Et quand les entreprises ne jouent pas le jeu ?

 

Espaces naturels n°51 - juillet 2015

Le Dossier

Fabien Quétier
Directeur d’études, Biotope
Laurent Neyret
Professeur de droit, Laboratoire de Droit des Affaires et Nouvelles Technologies (DANTE), Université de Versailles 

Le Code civil pourrait bientôt reconnaître le préjudice écologique. Un cadre dans lequel les défenseurs de la nature auront un rôle à jouer pour ramener les entreprises sur le bon chemin. Un garde-fou important en termes d'actualité du droit, mais qui ne reflète pas le grand nombre de relations positives et efficaces tissées entre acteurs de la biodiversité et industries, comme l'a montré ce dossier

Pêche électrique réalisée par une équipe de l'Onema, méthode d’évaluation de la qualité des eaux.

Pêche électrique réalisée par une équipe de l'Onema, méthode d’évaluation de la qualité des eaux. © Laurent Mignaux_MEDDE-MLETR

Dans le Code civil de 1804, la réparation des préjudices est subordonnée à la preuve de répercussions sur les personnes. Seuls les dommages causés à « autrui », qu’ils soient économiques, moraux ou corporels, peuvent donner lieu à l’attribution de dommages et intérêts. La nature, ainsi, n’est pas un sujet de droit ! Au fur et à mesure que les atteintes à l’environnement se sont multipliées et aggravées, les juges français ont toutefois utilisé le préjudice moral des associations de protection de l’environnement pour reconnaître indirectement une valeur à la nature lésée. Un tel biais présentait des limites, en particulier eu égard au montant symbolique des réparations allouées à ce titre, consacrant, en creux, une véritable liberté de nuire à la nature.

Les leçons de la jurisprudence Erika

Avec l’affaire de l’Erika, la jurisprudence a consacré la notion de préjudice écologique, défini par la Cour de cassation en 2012, comme « l’atteinte portée à l’environnement », pour un montant global d’environ 13 millions d’euros. Depuis, les décisions se sont multipliées dans le même sens dans des affaires de pollution industrielle ou de braconnage. Désormais, à côté des préjudices subjectifs causés aux personnes, le droit français admet, donc, le préjudice objectif causé à la nature, indépendamment et au-delà des seules répercussions sur les personnes. A la suite de cette décision, la Garde des sceaux a annoncé un projet de loi pour faire entrer le préjudice écologique dans le Code civil. L’objectif recherché consiste à consolider la jurisprudence et à sécuriser le droit du préjudice écologique. En effet, une chose est de poser le principe de réparation du préjudice écologique, une autre est de déterminer les modalités de mise en œuvre d’un tel préjudice spécifique. Un rapport du Club des Juristes de 2012 rappelle ainsi l’importance de renforcer l’expertise judiciaire en matière d’environnement. En 2013, le rapport commandé au Professeur Jégouzo propose également de déterminer la liste des personnes habilitées à demander réparation de ce préjudice et de poser une obligation d’affectation des fonds alloués à ce titre à la sauvegarde de l’environnement.

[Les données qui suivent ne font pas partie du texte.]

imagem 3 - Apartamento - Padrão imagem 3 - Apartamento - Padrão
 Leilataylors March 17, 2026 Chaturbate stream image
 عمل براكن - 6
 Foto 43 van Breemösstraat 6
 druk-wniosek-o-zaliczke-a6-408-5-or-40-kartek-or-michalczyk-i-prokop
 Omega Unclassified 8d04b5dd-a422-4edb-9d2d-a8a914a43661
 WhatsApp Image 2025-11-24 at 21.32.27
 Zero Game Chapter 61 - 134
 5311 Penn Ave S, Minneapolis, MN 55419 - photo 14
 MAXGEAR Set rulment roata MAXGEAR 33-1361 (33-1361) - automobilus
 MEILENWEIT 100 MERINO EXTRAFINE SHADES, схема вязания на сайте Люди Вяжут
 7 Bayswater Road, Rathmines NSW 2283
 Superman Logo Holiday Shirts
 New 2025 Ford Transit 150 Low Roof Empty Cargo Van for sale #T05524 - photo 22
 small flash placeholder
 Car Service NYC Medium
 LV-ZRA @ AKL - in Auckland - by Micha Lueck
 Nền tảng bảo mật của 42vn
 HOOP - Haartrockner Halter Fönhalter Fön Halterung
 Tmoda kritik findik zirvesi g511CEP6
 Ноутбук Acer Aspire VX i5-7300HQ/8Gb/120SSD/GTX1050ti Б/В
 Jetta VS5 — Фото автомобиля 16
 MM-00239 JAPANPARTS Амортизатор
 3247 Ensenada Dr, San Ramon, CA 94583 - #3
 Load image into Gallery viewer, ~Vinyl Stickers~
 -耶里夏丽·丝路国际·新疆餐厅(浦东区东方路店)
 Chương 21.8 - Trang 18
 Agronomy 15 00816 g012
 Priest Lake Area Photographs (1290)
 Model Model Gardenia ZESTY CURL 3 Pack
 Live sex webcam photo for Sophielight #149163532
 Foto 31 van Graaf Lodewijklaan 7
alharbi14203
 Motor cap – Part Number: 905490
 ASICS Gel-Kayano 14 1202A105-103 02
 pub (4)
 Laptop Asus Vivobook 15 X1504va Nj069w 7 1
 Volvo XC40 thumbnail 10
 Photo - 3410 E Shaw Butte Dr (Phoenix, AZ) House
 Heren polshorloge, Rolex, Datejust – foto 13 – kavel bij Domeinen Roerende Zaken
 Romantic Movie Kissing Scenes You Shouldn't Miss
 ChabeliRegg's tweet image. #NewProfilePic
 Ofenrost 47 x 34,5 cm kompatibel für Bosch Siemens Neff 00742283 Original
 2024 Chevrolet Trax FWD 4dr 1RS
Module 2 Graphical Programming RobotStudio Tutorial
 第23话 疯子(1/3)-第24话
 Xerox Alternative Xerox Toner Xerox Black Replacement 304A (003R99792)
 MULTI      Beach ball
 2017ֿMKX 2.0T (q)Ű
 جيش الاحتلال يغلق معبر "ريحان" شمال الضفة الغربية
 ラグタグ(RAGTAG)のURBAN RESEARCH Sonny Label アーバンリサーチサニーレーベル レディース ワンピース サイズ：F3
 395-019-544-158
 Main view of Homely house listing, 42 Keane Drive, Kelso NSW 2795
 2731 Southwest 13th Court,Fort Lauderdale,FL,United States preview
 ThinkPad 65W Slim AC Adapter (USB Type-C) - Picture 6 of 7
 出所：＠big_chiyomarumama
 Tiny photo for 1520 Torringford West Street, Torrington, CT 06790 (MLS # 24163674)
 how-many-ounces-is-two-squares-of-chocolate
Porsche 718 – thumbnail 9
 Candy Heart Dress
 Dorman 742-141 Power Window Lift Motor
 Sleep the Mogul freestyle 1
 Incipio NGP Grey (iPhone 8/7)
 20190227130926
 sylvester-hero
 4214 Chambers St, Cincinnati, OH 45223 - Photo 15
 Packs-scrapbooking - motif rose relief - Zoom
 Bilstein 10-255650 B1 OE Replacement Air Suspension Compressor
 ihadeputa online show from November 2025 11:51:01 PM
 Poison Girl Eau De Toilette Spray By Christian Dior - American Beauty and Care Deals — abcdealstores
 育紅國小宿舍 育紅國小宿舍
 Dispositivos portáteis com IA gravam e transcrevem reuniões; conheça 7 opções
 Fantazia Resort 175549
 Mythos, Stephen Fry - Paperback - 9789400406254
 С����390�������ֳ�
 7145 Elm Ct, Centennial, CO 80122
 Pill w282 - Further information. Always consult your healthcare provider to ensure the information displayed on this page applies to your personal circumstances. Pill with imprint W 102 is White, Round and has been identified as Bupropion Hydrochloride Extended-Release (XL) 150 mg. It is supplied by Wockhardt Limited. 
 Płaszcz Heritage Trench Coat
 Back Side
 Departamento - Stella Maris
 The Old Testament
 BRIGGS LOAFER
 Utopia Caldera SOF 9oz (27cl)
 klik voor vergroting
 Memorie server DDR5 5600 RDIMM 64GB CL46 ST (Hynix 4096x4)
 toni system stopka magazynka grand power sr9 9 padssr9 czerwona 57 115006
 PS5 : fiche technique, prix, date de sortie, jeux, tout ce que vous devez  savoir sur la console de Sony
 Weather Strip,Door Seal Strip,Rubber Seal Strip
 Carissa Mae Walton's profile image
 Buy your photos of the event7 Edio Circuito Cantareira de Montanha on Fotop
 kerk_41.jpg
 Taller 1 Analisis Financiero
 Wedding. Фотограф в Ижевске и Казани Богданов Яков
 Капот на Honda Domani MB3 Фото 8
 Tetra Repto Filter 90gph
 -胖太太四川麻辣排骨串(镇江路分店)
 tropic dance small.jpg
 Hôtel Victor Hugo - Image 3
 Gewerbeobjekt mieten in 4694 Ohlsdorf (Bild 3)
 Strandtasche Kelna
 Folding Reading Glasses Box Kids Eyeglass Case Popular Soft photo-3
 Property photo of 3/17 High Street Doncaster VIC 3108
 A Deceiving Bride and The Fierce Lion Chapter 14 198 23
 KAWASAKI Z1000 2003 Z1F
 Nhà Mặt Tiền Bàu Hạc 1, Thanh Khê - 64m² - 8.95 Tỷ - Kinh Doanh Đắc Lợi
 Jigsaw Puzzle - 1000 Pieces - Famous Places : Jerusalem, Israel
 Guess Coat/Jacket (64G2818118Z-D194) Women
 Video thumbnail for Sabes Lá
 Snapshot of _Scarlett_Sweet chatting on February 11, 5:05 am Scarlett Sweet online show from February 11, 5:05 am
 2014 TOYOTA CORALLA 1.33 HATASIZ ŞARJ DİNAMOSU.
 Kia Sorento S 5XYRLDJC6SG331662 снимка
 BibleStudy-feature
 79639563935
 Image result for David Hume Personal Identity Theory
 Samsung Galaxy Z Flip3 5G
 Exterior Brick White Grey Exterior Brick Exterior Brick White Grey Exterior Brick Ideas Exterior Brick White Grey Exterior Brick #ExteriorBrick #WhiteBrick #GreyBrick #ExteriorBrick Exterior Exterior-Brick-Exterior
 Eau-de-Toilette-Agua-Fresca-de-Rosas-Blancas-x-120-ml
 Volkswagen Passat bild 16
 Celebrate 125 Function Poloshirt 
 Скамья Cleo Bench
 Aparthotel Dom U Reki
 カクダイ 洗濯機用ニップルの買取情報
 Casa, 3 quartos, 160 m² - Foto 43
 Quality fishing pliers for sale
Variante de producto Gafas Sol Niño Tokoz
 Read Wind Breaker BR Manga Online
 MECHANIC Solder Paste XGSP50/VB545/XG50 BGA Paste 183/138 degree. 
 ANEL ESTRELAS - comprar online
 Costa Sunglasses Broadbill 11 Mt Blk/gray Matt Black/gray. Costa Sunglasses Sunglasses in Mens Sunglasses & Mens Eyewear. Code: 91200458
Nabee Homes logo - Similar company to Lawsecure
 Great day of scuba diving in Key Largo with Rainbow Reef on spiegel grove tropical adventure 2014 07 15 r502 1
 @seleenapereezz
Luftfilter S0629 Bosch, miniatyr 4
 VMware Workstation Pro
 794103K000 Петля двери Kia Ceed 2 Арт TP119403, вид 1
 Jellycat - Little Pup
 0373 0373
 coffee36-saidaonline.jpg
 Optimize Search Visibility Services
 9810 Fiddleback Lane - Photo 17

Les défis de la réparation « en nature »

Les questions techniques soulevées par la réparation « en nature » des préjudices écologiques sont proches de celles de la compensation des impacts autorisés. Outre l’importance d’éviter que les dommages surviennent et d’en réduire les conséquences, on y retrouve la question de l’équivalence écologique. L’analyse d’équivalence offre aujourd’hui un cadre méthodologique précis et éprouvé pour concevoir et dimensionner les mesures de réparation, comme en attestent les travaux du ministère de l’Ecologie sur leur application en France dans le cadre de la Loi de Responsabilité Environnementale de 2008. Ces méthodes reposent toutefois sur la capacité de l’ingénierie écologique à proposer des actions efficaces d’un point de vue écologique, et dont le coût reste proportionné aux dommages. Dans ce contexte, les gestionnaires d’espaces naturels peuvent intervenir à deux niveaux. D’abord en tant que « porte-parole » de la nature endommagée, capables de déclencher une action en justice en demandant réparation du préjudice subi par la nature. Il s’agit alors de bien distinguer celui-ci du préjudice matériel ou moral éventuellement subi par le gestionnaire. Ensuite, les gestionnaires peuvent également intervenir en tant que prestataires pour la réalisation des mesures de réparation décidées par la Justice, sur des terrains dont il faudra sans doute assurer une gestion pérenne. À l’image des débats en cours concernant la compensation des impacts autorisés, il est essentiel de distinguer ces deux rôles, en amont de la décision (évaluation du dommage et conception des mesures de réparation) et en aval (mise en œuvre des mesures).